Funny, most of the videos I watch involve talking suiters.


----------



## Randy-Darkshade (Jul 4, 2009)

Shenzebo said:


> Funny, most of the videos I watch involve talking suiters.



I've seen some where they speak, some where they don't. A friend of mine linked me to a news reel, the first suiter they tried to speak to wouldn't speak and ran off XD, but a second one would.......although she was in a half suit.......I think.


----------



## Graviolies (Jul 4, 2009)

RandyDarkshade said:


> Don't put words into my mouth, please. You are one of those that do it on youtube aren't you?.
> 
> Ya know those people that go yelling furrie pride are most likely (and i can almost garuntee) are the furries who also BAWWWWW at any criticism the fandom gets.
> 
> ...



haha you're the best man


----------



## Kanic (Jul 4, 2009)

BaronWise said:


> In all honesty its a rule of thumb to keep your identity a secret when in any full body suit. Ever see videos of suiters at a convention? No words speaking when in their suit. Mascots and costumers at theme parks follow this rule too.


 
That's more of a personal choice. I've talked to many that were in a fullsuit at conventions. I have a partial on the way, and I know I'll be talking.


----------



## Whitenoise (Jul 4, 2009)

This argument is stupid, the fact that other types of geeks do some of the same pathetic bullshit as furries does not make the pathetic bullshit furries do any less pathetic. Anyone who takes any pride in being a furry is a retard, just like anyone who takes any pride in any hobby or interest is a retard :V .


----------



## Graviolies (Jul 4, 2009)

Whitenoise said:


> This argument is stupid, the fact that other types of geeks do some of the same pathetic bullshit as furries does not make the pathetic bullshit furries do any less pathetic.
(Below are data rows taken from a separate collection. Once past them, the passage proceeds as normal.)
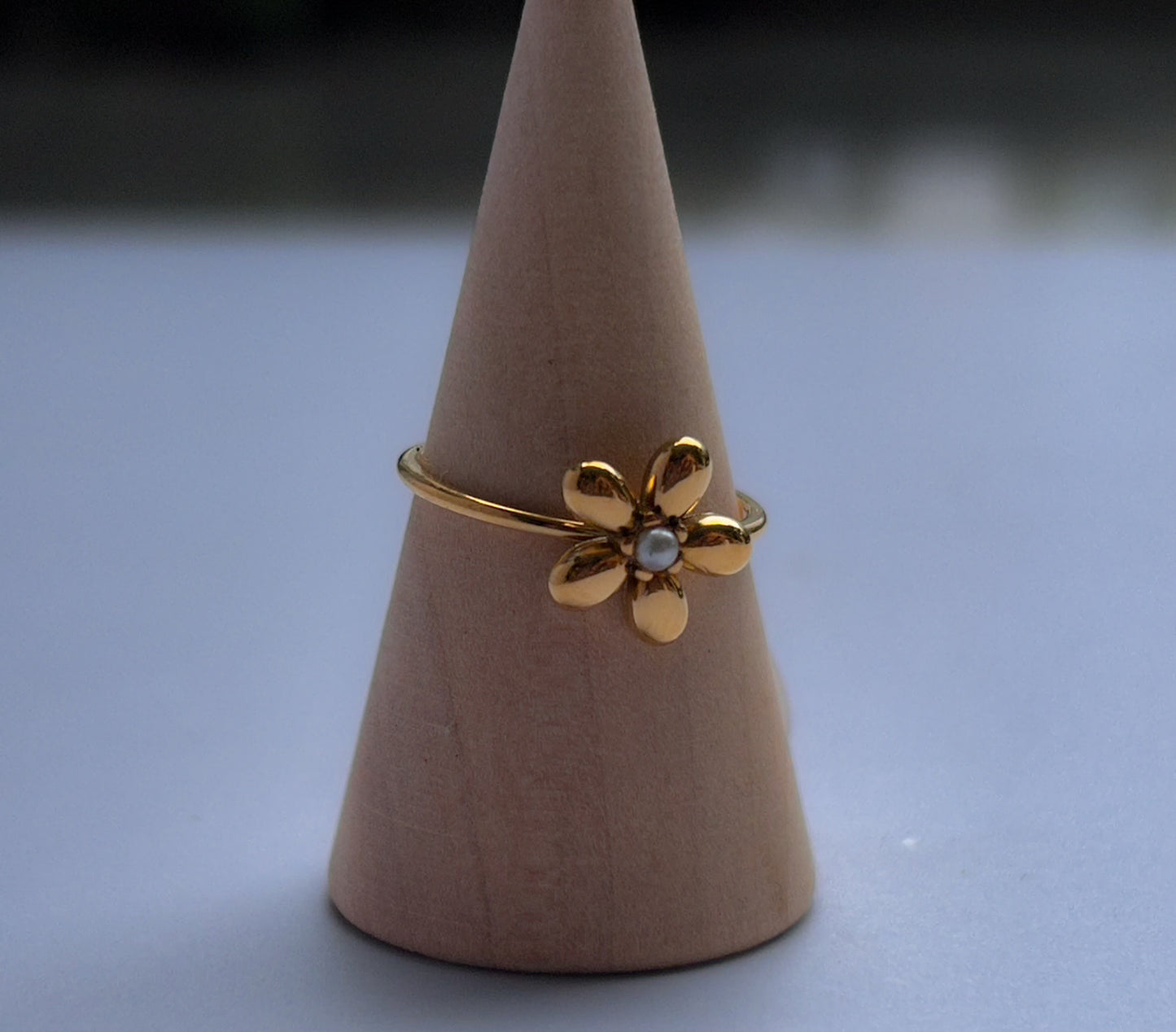 Golden Flora Ring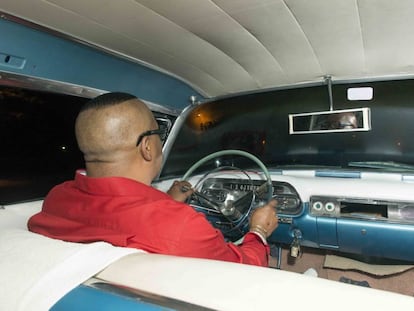 José Luis Cortes, 'El Tosco', al volante del Cadillac de Benny Moré por La Habana.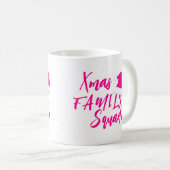 Naam aangepast roze kerstfamiliescript koffiemok (Voorkant rechts)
Anyone who takes any pride in being a furry is a retard, just like anyone who takes any pride in any hobby or interest is a retard :V .



basically this


----------



## Randy-Darkshade (Jul 4, 2009)

Whitenoise said:


> This argument is stupid, the fact that other types of geeks do some of the same pathetic bullshit as furries does not make the pathetic bullshit furries do any less pathetic. Anyone who takes any pride in being a furry is a retard, just like anyone who takes any pride in any hobby or interest is a retard :V .



You're a fuckin retard for thinking that. I take pride in fixing up bicycles. That is one of my hobbies, i fix bicycles up, i sell them to happy people. When a train modeller spends HOURS buil;ding his model railerway, or even weeks, i think he has a right to be priud of what he has created. Same goes for furry artists, by artists i mean the proper artists, the ones who take time over their work, the ones who put alot of effort getting there work proportionately correct, those artists should be proud in their work.


----------



## Randy-Darkshade (Jul 4, 2009)

Graviolies said:


> basically this



You still here?, go back to your hole.


----------



## Graviolies (Jul 4, 2009)

RandyDarkshade said:


> You're a fuckin retard for thinking that. I take pride in fixing up bicycles. That is one of my hobbies, i fix bicycles up, i sell them to happy people. When a train modeller spends HOURS buil;ding his model railerway, or even weeks, i think he has a right to be priud of what he has created. Same goes for furry artists, by artists i mean the proper artists, the ones who take time over their work, the ones who put alot of effort getting there work proportionately correct, those artists should be proud in their work.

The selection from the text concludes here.